Brittany Uniquely Celtic in character, Breton folk music has had perhaps the most successful revival of its traditions, partially due to the result of Lorient, France's most popular music festival. The documented history of Breton music begins with the publication of Barzaz-Breizh in 1839. A collection of folk songs compiled by Hersart de la Villemarqué, Barzaz-Breizh helped keep Breton traditions alive. Couple de sonneurs, consisting of a bombarde and biniou, is usually played at festoù-noz celebrations (some are famous, like Printemps de Chateauneuf). It is swift dance music and has an older vocal counterpart called kan ha diskan. Unaccompanied call and response singing was interspersed with gwerz, a form of ballad. Probably the most popular form of Breton folk is the bagad pipe band, which features native instruments like biniou and bombarde alongside drums and, in more modern groups, biniou braz pipes. Modern revivalists include Kevrenn Alre Bagad and Bagad Kemper. Alan Stivell is perhaps the most influential folk-rock performer of continental Europe. After 1971's Renaissance of the Celtic Harp, Breton and other Celtic traditional music achieved mainstream success internationally. With Dan Ar Bras, he then released Chemins de Terre (1974), which launched Breton folk-rock. This set the stage for stars like Malicorne in the ensuing decades. Pure folk of modern Brettany include harpists like Anne-Marie Jan, Anne Auffret and Myrdhin, while singers Kristen Nikolas, Andrea Ar Gouilh and Yann-Fanch Kemener have become mainstream stars. Instrumental bands, however, have been the most successful, including Gwerz, Bleizi Ruz, Strobinell, Sonerien Du and Tud.

Bagpipe and hurdy gurdy

The hurdy gurdy, or vielle-á-roue, is a cross between a violin and a piano accordion. It is made up of a curved, oval body, a set of keys and a curved handle, which is turn and connected to a wheel which bows the strings that are stopped by the keys. There is a moveable bridge, a variable number of drones and hidden sympathetic strings, all of which can also effect the sound. Simpler forms of the hurdy gurdy are also found in Spain, Hungary and Russia.

The bagpipe is found in a wide array of forms in France, which has more diversity in bagpipes than any other country. The cabrette and grande cornemuse from Bourbonnais and Berry are the most well-known. These forms are found at least as far back as the 17th century. Prominent bagpipers include Bernard Blanc, Frédéric Paris and Philippe Prieur, as well as bandleader Jean Blanchard of La Grande Bande de Cornemuses and Quintette de Cornemuses. Frédéric Paris is also known as a member of the Duo Chabenat-Paris, a prominent duo who use elements like mixed polyphonic ensembles and melodies based on the bourrée.
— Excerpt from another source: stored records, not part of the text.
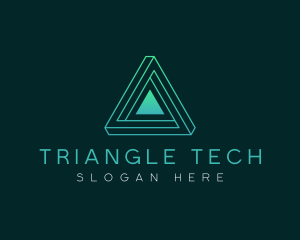 Digital Fintech Triangle logo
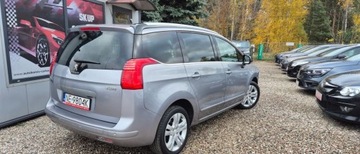 Peugeot 5008 I Minivan Facelifting 2.0 HDi 150KM 2015 Peugeot 5008 2.0 HDI 150 km panorama 7 osobowy super stan. 2.0 Diesel 149KM, zdjęcie 36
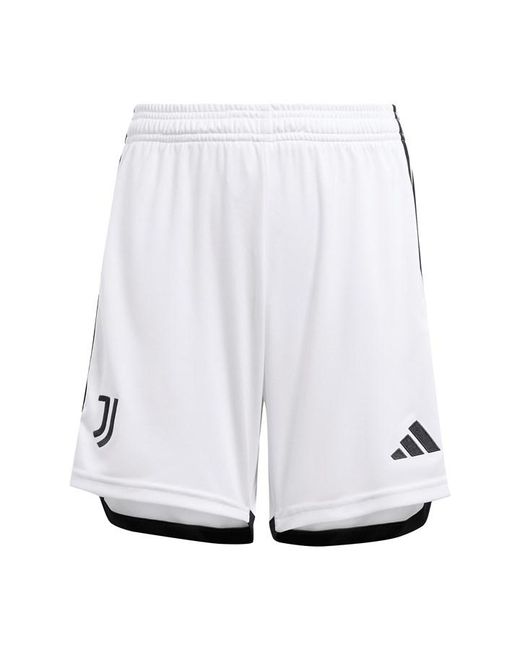 Adidas Juventus Away Shorts 2023 2024 Juniors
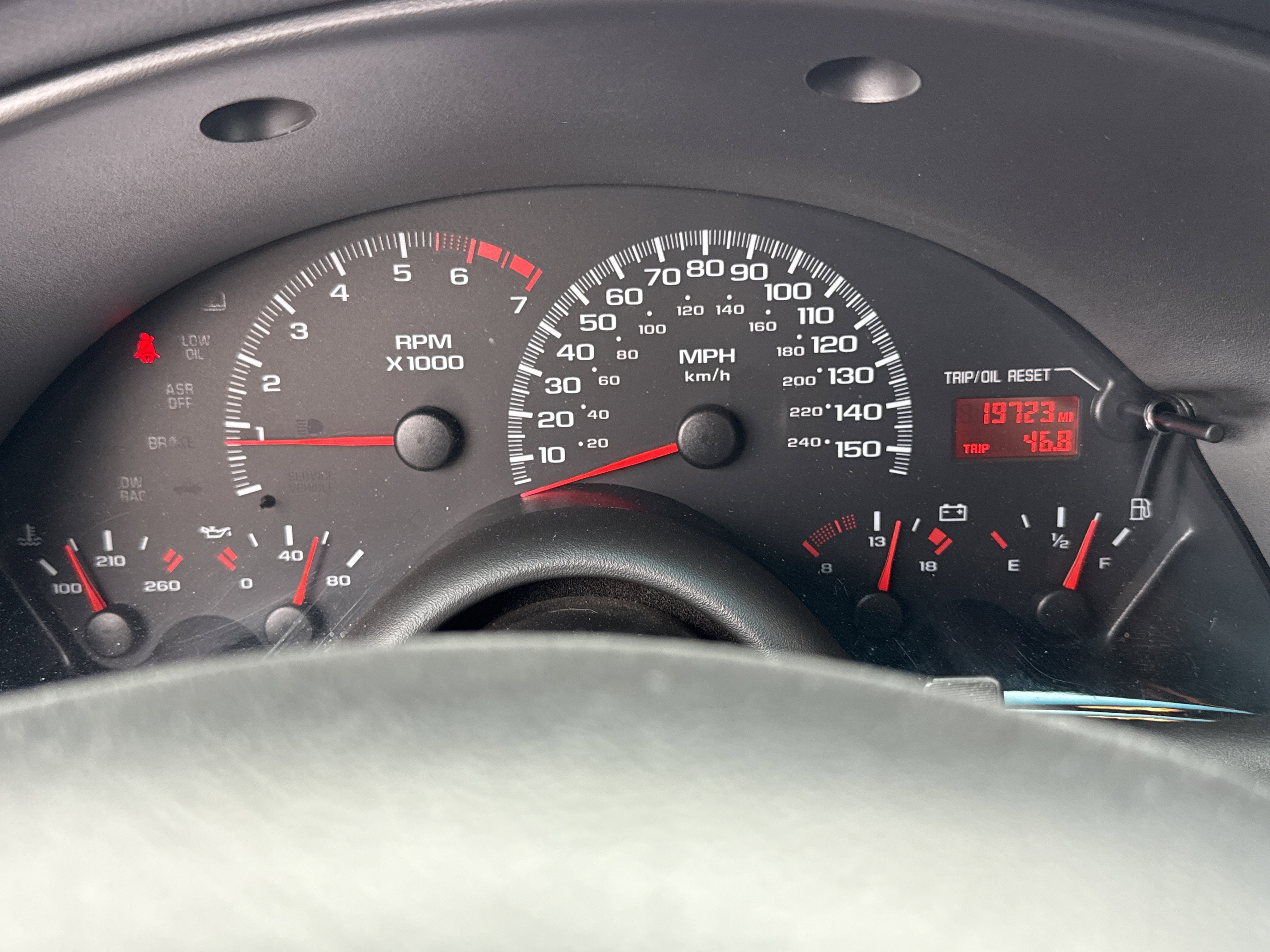 2002 Chevrolet Camaro Z28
Bernard Blanc and Jean Blanchard, along with Eric Montbel from Lyons, were among the musicians who formed the basis of La Bamboche and Le Grand Rouge. It was these two bands who did more than anyone to revitalize the traditions of Central France during the 1970s folk revival. The festival of St. Chartier, a music festival held annually near Chateauroux, has been a focal point for the music of Auvergne and Limousin. The provinces of Morvan and Nivernais have produced some traditional stars, including Faubourg de Boignard and Les Ménétriers du Morvan, respectively. The Nivernais collector Achille Millien was also notable in the early part of the 20th century.


The hurdy gurdy became the basis for bal-musette music, which arrived in Paris by 1880 as a result of Auvergnat migration. The influence of Antoine Bouscatel led to bal-musette incorporating the Italian accordion, which soon came to dominate the music. This is the period that produced internationally known masters like Léon Chanal, Emile Vacher and Martin Cayla. Vacher's light style, rhythmic nature and distinctive tremolo defined the genre for many audiences in France and beyond.




  • (cordofoni) vielle-á-roue - cetera - violin

  • (aerofoni) cabrette - grande cornemuse - biniou, - bombarde - caramusa - pifana - - pifre - bouhe - bodega - aboès - graille - galoubets

  • (ancia libera) urganettu

  • (membranofoni) tambour de Béarn

  • (idiofoni)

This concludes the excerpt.